Greater outreach for homeless vets needs to become a reality. I said the same thing in 2012, when I was a homeless vet. Living on the streets and in shelters opens vets up to higher chances of getting hurt and wracked by disease. And homelessness can lead to thoughts of suicide or worse. Sadly, many have called into the Suicide Prevention Hotline only to have their calls put on hold or dropped.

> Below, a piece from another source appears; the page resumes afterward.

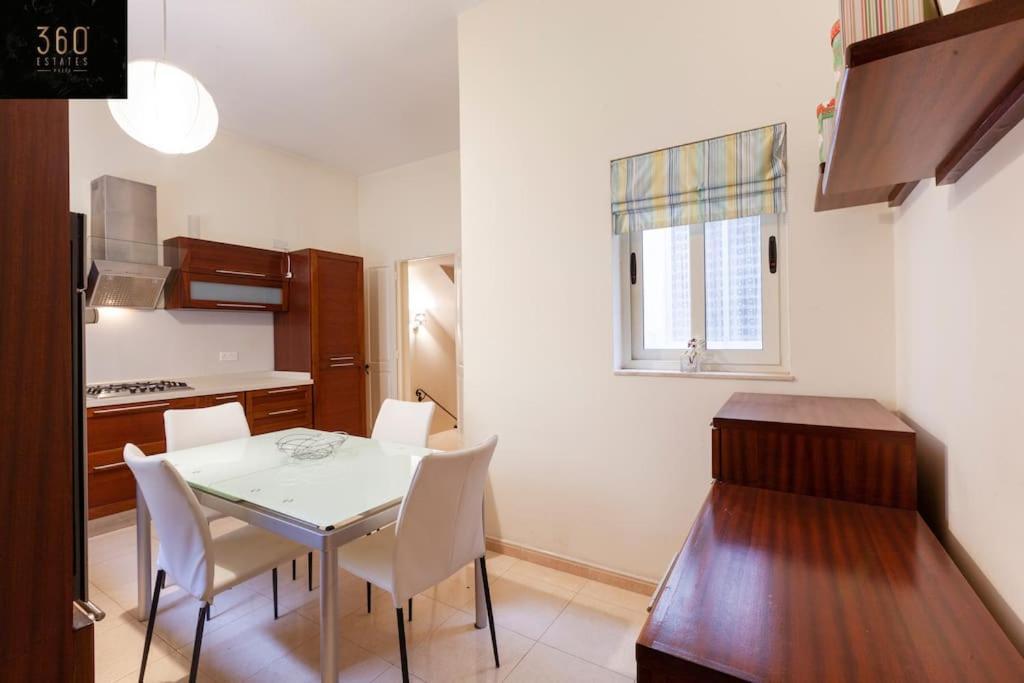 Beautiful, Typical Maltese 4Br Home With Roof Top By 360 Estates Sliema Exterior foto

There are also major needs for doctors, nurses and regional directors with military experience. Too many civilian medical professionals aren’t adept at dealing with those vets just coming home from war and should be replaced with good, empathetic professional veterans. I’ve found myself denied on many occasions for “open calls” only to find that I “wasn’t qualified” or that the job had already been filled, and those were for low to mid-level jobs such as maintenance and information tech (even though IT was my specialty in the military). I believed, as others did as well, that these assessments were true and just accepted them. However, more often than not, this isn’t the case because very few of the more than 300 top positions at the VA are irreplaceable and many good jobs at the VA aren’t medical or even require a degree. Besides that, saying veterans don’t have the know-how or the credentials is to spit in our faces, and an excuse to not have actual change happen behind VA’s doors. Most former service members were well-trained professionals with wide skill sets. Even more of a slap to the face is not having access to programs for training or retraining in order to employ vets in well-paid positions.